ACTIVITY | For each line of the listing that includes the word "Sale", show the whole line.

ENTRIES PROVIDED |
——

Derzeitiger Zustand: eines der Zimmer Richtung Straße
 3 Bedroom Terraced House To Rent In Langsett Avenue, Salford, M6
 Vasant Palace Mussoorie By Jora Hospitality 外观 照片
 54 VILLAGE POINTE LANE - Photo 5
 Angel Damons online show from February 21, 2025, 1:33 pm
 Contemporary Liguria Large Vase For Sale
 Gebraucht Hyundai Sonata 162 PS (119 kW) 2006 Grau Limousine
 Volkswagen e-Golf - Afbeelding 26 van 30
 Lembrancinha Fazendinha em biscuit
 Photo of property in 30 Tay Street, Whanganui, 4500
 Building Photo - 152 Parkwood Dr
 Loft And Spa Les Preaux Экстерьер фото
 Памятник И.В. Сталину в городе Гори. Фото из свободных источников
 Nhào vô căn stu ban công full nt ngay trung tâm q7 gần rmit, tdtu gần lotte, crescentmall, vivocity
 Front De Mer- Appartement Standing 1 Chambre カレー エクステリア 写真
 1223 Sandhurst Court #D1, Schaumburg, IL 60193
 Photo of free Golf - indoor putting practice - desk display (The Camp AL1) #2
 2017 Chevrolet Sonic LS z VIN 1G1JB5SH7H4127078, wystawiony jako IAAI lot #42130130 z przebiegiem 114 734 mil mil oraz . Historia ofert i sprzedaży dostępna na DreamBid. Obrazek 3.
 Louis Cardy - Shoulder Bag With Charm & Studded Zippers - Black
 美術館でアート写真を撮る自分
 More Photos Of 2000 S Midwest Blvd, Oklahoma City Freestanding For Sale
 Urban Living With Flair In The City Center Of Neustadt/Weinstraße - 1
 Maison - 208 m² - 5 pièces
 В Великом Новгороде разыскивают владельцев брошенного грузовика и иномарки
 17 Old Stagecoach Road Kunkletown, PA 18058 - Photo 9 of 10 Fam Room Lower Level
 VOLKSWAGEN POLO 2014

——

ANSWER FOR THE TASK |
 Contemporary Liguria Large Vase For Sale
 More Photos Of 2000 S Midwest Blvd, Oklahoma City Freestanding For Sale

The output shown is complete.